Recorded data

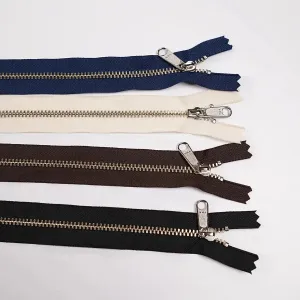 YKK 4.5 Nickel Bag Zipper Long Pull 9 Inch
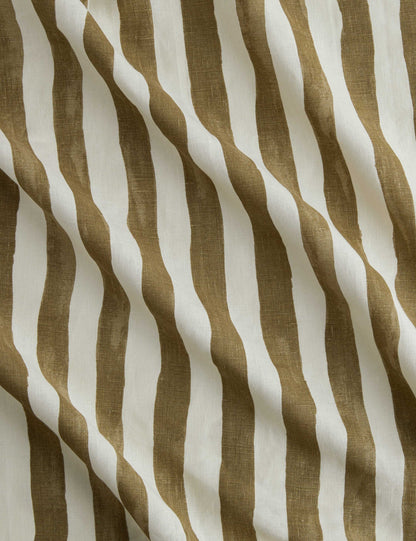 Tissu en lin à rayures picturales par Sarah Sherman Samuel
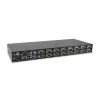 LevelOne 16 prievadų PS/2-USB VGA KVM jungiklis, 2048 x 1536 pikseliai, montavimas stove, 1U, juodas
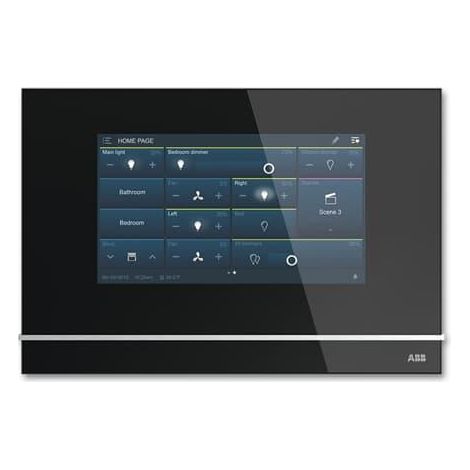 Dalle tactile SmartTouch 7 pouces KNX et Welcome couleur noir 2CKA006136A0206 ABB BJE522344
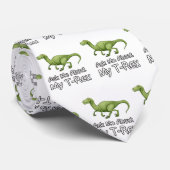 タイプの恐竜-恐竜の男の子の女の子 ネクタイ (ロール)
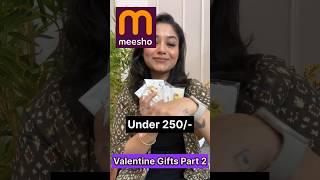 #meesho Gift ideas under 250 valentines special #shots shopping with Vaishali Mitra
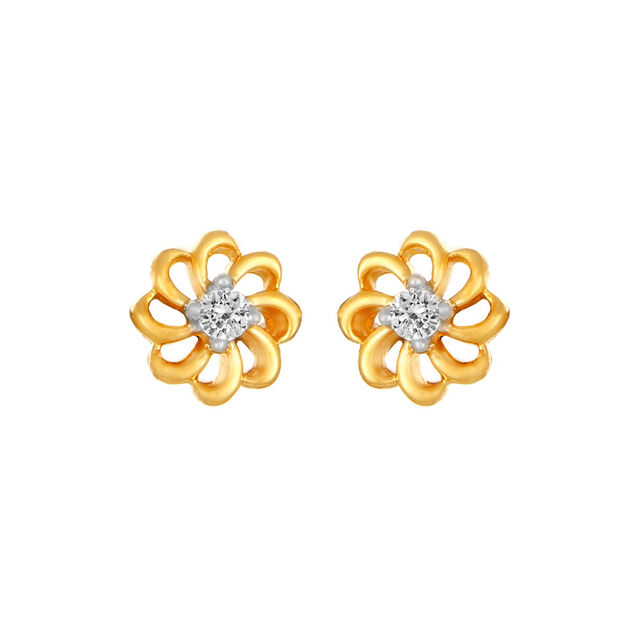Tanishq Gold Earrings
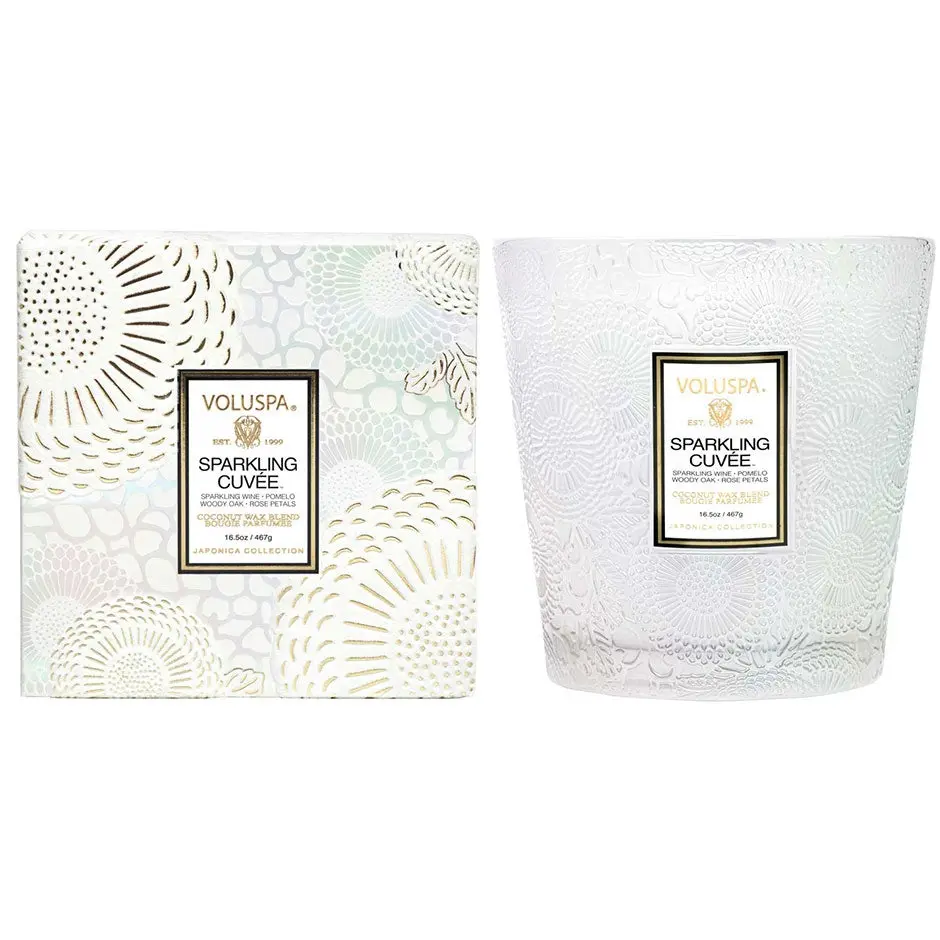 Voluspa Boxed 2-Wick Hearth Candle Sparkling Cuvée 60h 467 g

--- WHAT TO WORK ON ---
Above are the records; return the lines in them from the one with "Dalle tactile SmartTouch" to the one with "Tanishq Gold Earrings", inclusive, exactly and without images.

--- EXPECTED OUTPUT ---
 Dalle tactile SmartTouch 7 pouces KNX et Welcome couleur noir 2CKA006136A0206 ABB BJE522344
 タイプの恐竜-恐竜の男の子の女の子 ネクタイ (ロール)
 #meesho Gift ideas under 250 valentines special #shots shopping with Vaishali Mitra
Tanishq Gold Earrings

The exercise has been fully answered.